If, as I have suggested in chapter 4, Giddens’s efforts to confront emotion and culture on a private and intimate level-through reading Freud and taking up feminism with the aim of constructing a modernist conceptualization of reflexive self-identity-seem brittle and frankly chauvinist, his efforts to confront emotion on a more collective level, through nationalism, are equally stiff and frankly authoritarian. If he tries to replace traditional emotion with modernist conviction regarding personal intimacy, he attempts to replace the concept of nationalism with the modernist notion of the nation-state. Consistent with his tendencies to amputate history and tradition from the present, he simply cannot fathom connections between the sentiments that animate the nation-state and traditional patriotism. And for all his tedious efforts to present the nation-state as an entity with clearly demarcated borders and surveillance, in the end, his thought comes across as obsolete. For example, the information revolution in general and the Internet in particular have made state borders seem old-fashioned: electronically mediated information travels across such borders as if they did not exist.

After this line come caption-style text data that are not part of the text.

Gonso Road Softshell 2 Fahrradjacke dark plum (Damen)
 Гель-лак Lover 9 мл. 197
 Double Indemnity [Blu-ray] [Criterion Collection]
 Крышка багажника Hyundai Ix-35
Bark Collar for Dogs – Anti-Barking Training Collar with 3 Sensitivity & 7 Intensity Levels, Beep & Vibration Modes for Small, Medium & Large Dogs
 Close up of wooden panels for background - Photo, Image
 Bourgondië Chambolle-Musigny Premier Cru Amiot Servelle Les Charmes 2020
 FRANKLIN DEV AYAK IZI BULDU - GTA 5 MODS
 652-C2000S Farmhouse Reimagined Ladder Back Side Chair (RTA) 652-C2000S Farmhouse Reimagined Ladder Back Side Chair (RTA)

But the underside of the modern nation-state is that old-fashioned nationalism has grown more, not less, powerful in contemporary times, such that nationalists around the world-who are better informed than our ancestors could have imagined, precisely because of the information revolution-no longer hold state borders as sacrosanct. Finally, the general drive toward national emancipation is constantly at loggerheads with the modernist desire to enshrine permanent state borders. These are among the tensions that characterize political life in contemporary times, which Giddens’s modernist thought cannot grasp.